Taking a Product View When Managing a Website Project

David Hobbs is a Website Transformation Consultant and author of the Website Migration Handbook and his upcoming book on website product management. You can find him on Twitter @jdavidhobbs and posting articles at Hobbs On Tech.


As Digital Project Managers we’re rewarded for getting the job done, with something as satisfying as a website launch clearly declaring that we have crossed the finish line.

But, there is no finish line for the site owner.

A photograph showing the back of two children on BMX bikes with a crude black start and finish line on a concrete road floor.
MVP finishing line. Product management FTW.

Sites need to be constantly improving and reacting to changes, not just being redesigned, launched, and forgotten, only to repeat the cycle. Digital Project Managers play the important role of getting things done, and pushing through to complete important milestones.

Especially if you’re a Digital Project Manager at an agency or systems integrator, you may have many legitimate reasons to want (and need) to close out digital projects, with perhaps the most important being to get paid. That said, there are many ways of doing solid product thinking even when focus on the project(s) at hand.

Why treat websites as a product

Website product management is management of an organization’s web presence for ongoing and comprehensive quality (see Manage your website like a product: stay afloat in changing seas).

Note that this is not the same as managing a particular product for a company’s website, for example, someone managing a particular magazine title for a media company that publishes many magazines, or managing a website that is specifically a product e.g. Campaign Monitor.

Ongoing management is important, ensuring the organization owning the website is always making changes to the website. This is so that the organization can react to changes in the ever-changing field that we find ourselves in, specifically setting up a process where changes are expected, managed, and executed — always.

Also, by planning for ongoing changes companies can move toward their vision incrementally, responding to the realities on the ground.

Websites should be looked at comprehensively as well. Frequently companies and agencies applaud new sites that look good on their own but actually move organizations away from their goals (see Mind the gap: quality differences in your web presence).

For instance, in working with a very large web presence recently, the top brass applauded the new sites with new features. But this was actually moving them away from their goal of providing a website where site visitors could easily browse the content (since they kept adding silos of content where people would get “trapped”).
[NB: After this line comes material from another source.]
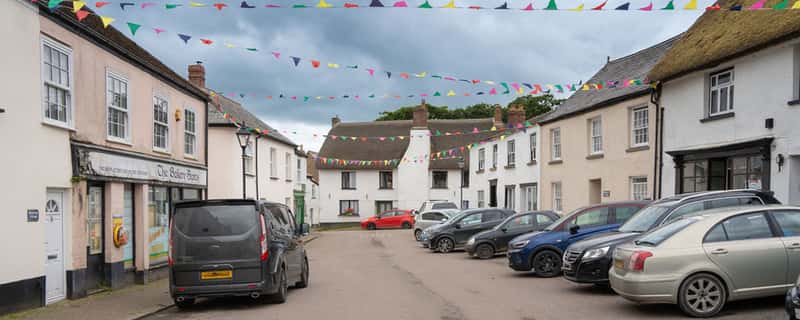 Castle Green - Image 1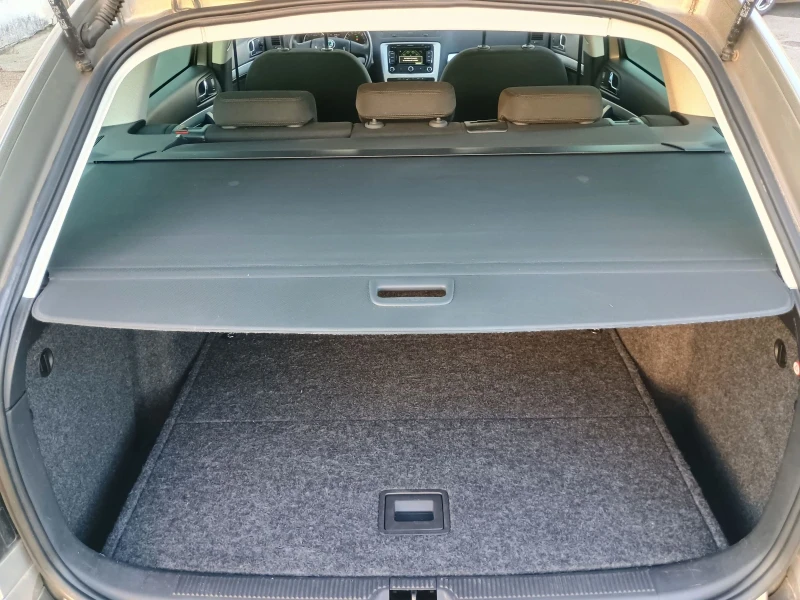 Skoda Octavia * SCOUT * 4X4 * АВТОМАТИК * СЕРВИЗНА ИСТОРИЯ * , снимка 15 - Автомобили и джипове - 52932548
So any changes to the website should be considered comprehensively, across the entire web presence. In many ways, product management is managing website change with a business-first mindset.

That means that every change should both be looked at broadly, but also always answering the question “Is this change moving us toward a key business goal?”
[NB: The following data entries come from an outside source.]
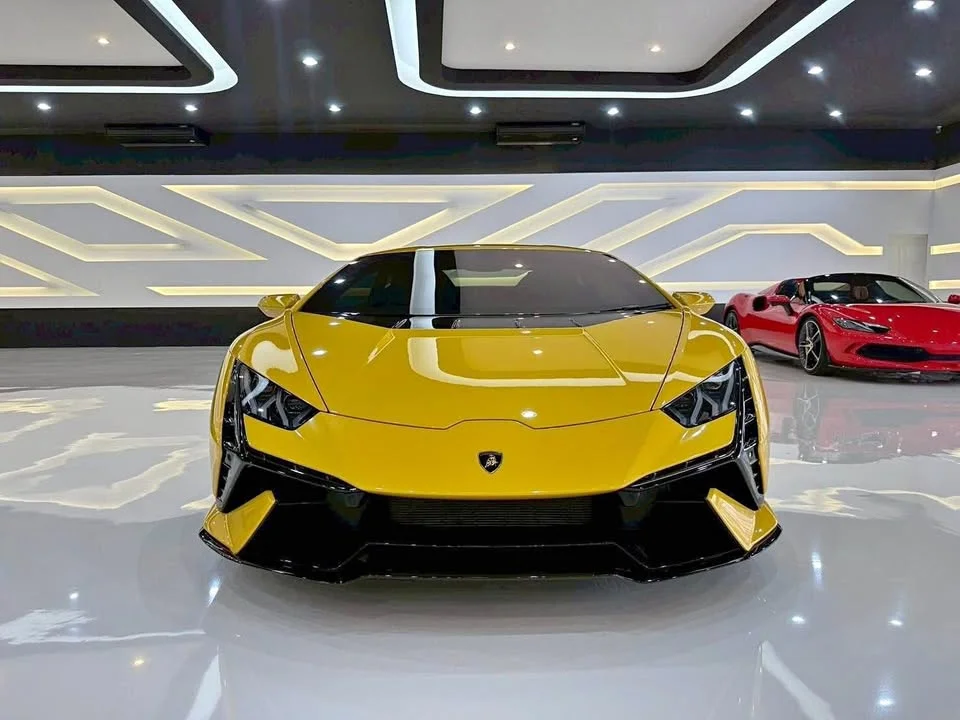 2024 Lamborghini Huracan 3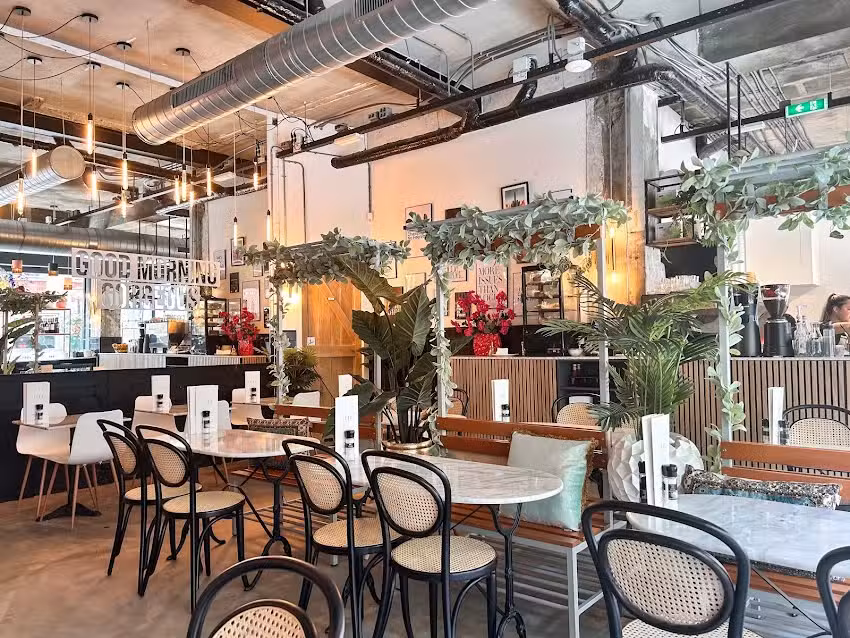 Teds Eindhoven Nieuwstraat &ndash; All Day Food & Drinks
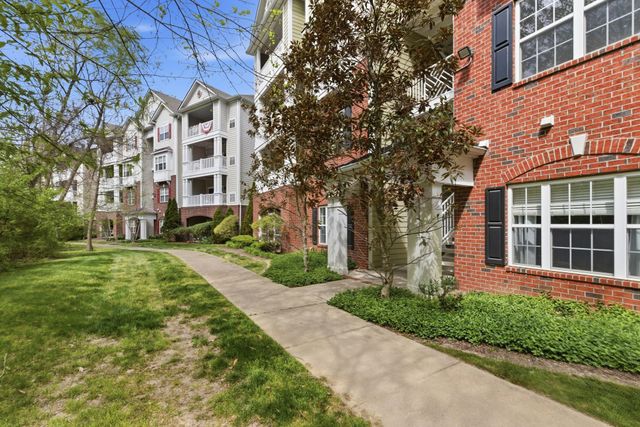 4848 Bevendean Dr Unit D9, Nashville, TN 37211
Digital project management for better product management

Let’s focus on two things you can do to include product thinking in your digital project management:

  • Challenge stakeholders to think broadly
  • Phase in batches

Challenge stakeholders to think broadly

Stakeholders often just care about their discipline, silo, or part of the website. Thinking broadly can mean considering the entire web presence rather than just a part of it, or fixing an existing site rather than launching a brand new one.

It can also be thinking through all the customer touch points for a change rather than the first ones everyone thinks about.

Similarly, there is usually a focus on getting things done, now. But you need to think through the long term effects of changes. This may be the hardest one as the project manager to rise above the fray and advocate for, since it may mean delivery delay, but in general you should push for implementation that can best be maintained over the long haul.

Thinking long term isn’t just implementing the requirements in the most technically-sound way, but positioning the requirements and expectations in the first place for long term success.

Not only can this broader and longer-term thinking be applied in the heat of implementation and project planning, but even in project conception e.g. in deciding to make a smaller change but across more of the site.

Underpinning this broader and longer-term approach should be a rigorous focus on what business goals are being served, rather than what new gee-whiz features are being implemented.

Phase in batches

When an organization is a) digging out of the redesign-forget cycle and b) the general feeling of being overwhelmed with what needs to be done on a website, I recommend moving to batching in changes.

As mentioned above, part of the idea is that changes are being made on an ongoing basis, and not just when a big project is happening. Only define the work program for the next phase (let’s say over the next three months). The detailed planning doesn’t happen beyond that to give room for subsequent changes that aren’t even anticipated yet.

Even if you are project managing a bigger change, such as a big website redesign, I recommend defining the project in terms of phases. One phase might be a pilot / Beta, another might be rolling out one set of changes, and another might be the full rollout of your current scope.

Each of the phases should impact the site visitor, and not just the stakeholders. The reason to do this is to get folks accustomed to thinking about their website as needing a series of phases.

Potentially, if you’re an agency, you could convince the customer to even include a batch of changes after full launch that are only identified just before (or even after) launch.